I don’t think we said five words to each other on the drive back to the resort. Micah offered to take me all the way to Caddo Pines, but I didn’t think it was such a good idea under the circumstances. His nearness only worsened the pain of letting him go. Again.

He parked the pickup next to Sandy’s car in the paved parking area beside the house. When he shut off the engine, the silence settled over us like a heavy quilt, yet neither of us made a move to get out.

Finally I reached for the door handle. “I should go. Tell Sandy I’ll wait for her in the car.”

“Julie . . . help me.”

The words were barely a whisper, torn ragged from a parched throat. I jerked my head toward Micah and saw the brokenness in his staring eyes, trained on some object beyond the windshield.

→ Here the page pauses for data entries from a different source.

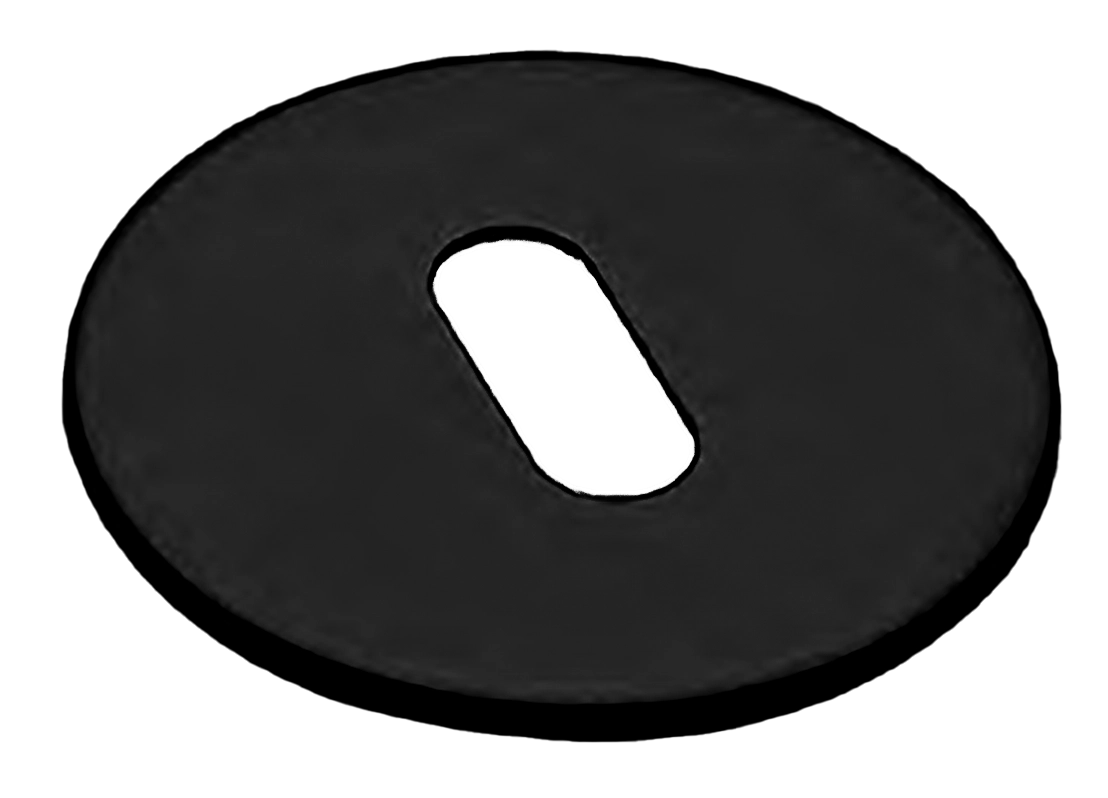 Накладка на ключевой цилиндр LUX-FK-R1 NERO на круглой розетке под ключ буратино, цвет черный фото купить Омск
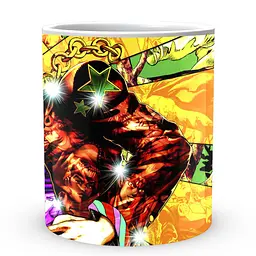 Кухоль GeekLand Неймовірні пригоди ДжоДжо JoJo's Bizarre Adventure Джотаро Куджо Колаж Промені JJ 02.422 330 мл білий - мініатюра 2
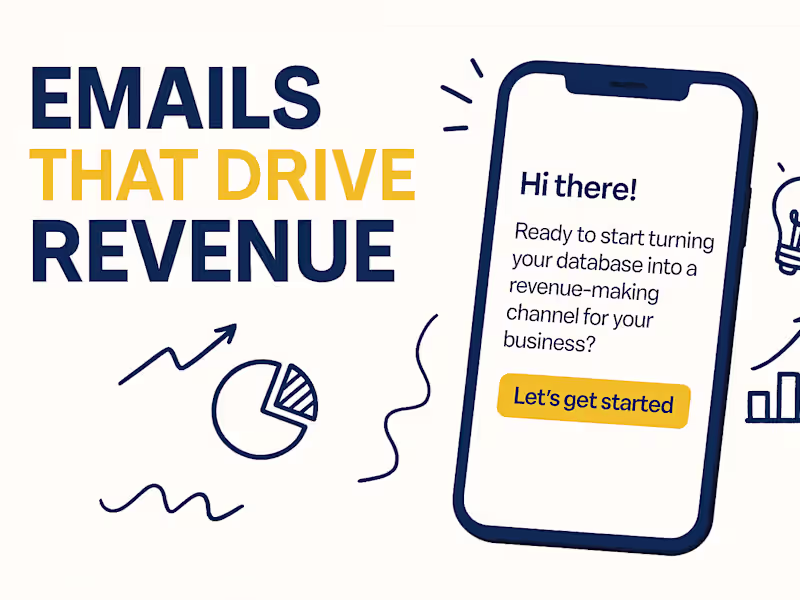 Cover image for I build B2B email flows that turns your database into revenue.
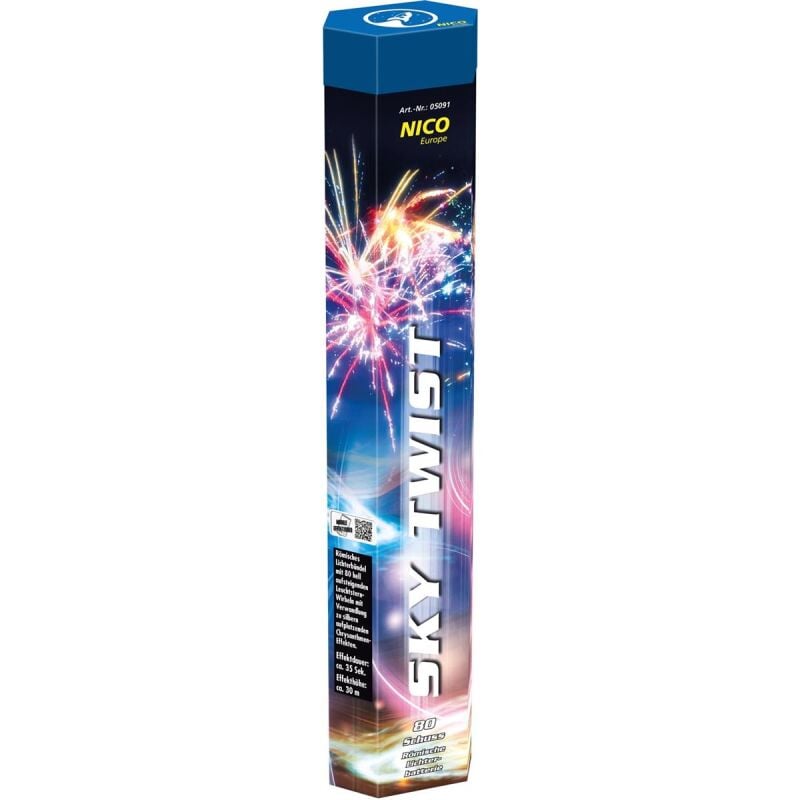 Sky Twist 80-Schuss-Römische-Lichterbatterie online bestellen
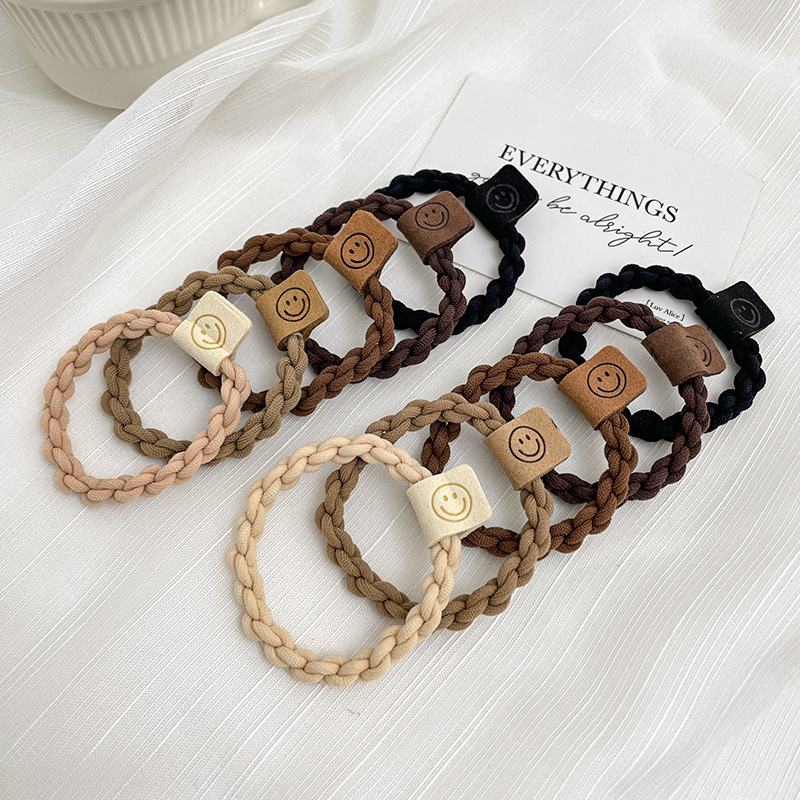 Cuerda para el cabello de alta elasticidad y duradera, banda de goma para atar el cabello para mujeres, celebridad de Internet 2024, nueva cuerda para el cabello simple, lazo para el cabello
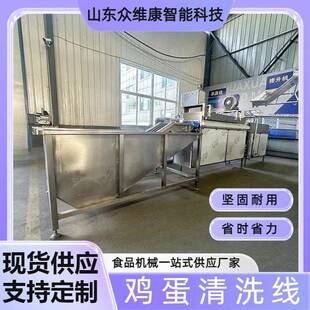 不锈钢洗蛋机养殖场大型蛋类清洗机无菌蛋清洗分拣一体机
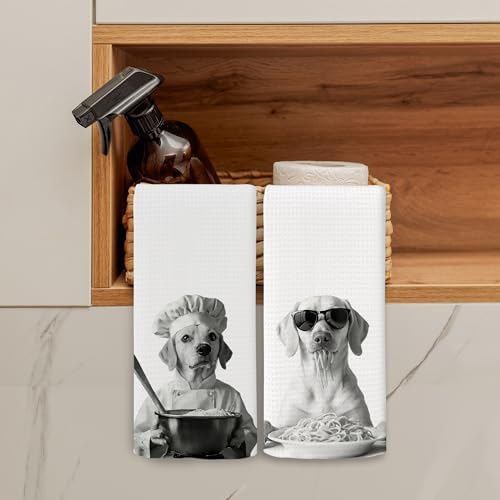 Dog Kitchen Towels Decor Set of 2 - Image 3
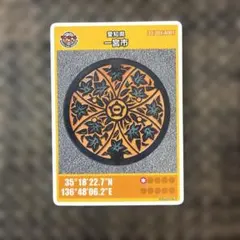 マンホールカード 愛知県 一宮市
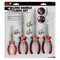 Performance Tool 4 pc. Long Nose Plier Set, Bent Nose Pliers, Needle Nose, Cushion Grip W30714 - alternate 2
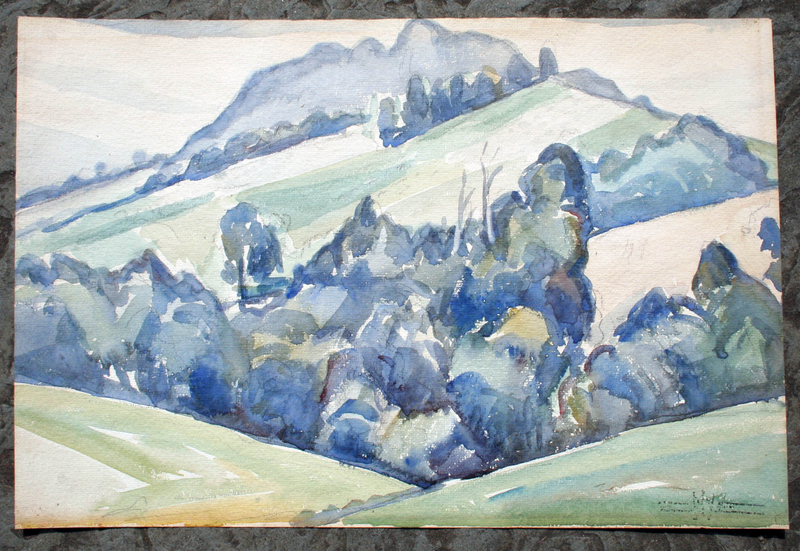 Landscape by Edgar Nye (American, 1879-1943)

Before I could answer, he continued in the same rasping voice. “When Jenny drowned—such a precious little girl—nothing about my life made sense anymore.” He sighed long and loud, his gaze sliding sideways to meet mine. “Not until I met you, Julie. Your spunk, your sass, your determination to rescue that mama dog and her pups.” A tiny chuckle vibrated his Adam’s apple before he turned sober again. “But your eternal optimism—it scared me. I wasn’t ready to let go of the past . . . or maybe I just didn’t know how.”

I swallowed against the tightening in my throat. “Will you ever be ready?”

“I’m trying. I want to be.” He pressed clenched fists into his eye sockets as his chest heaved on a choking sob. “I need you, Julie. Help me!”

I stretched my arms around him and tucked his head beneath my chin, already wet with my own tears. “It’s okay, I’m here. Always.”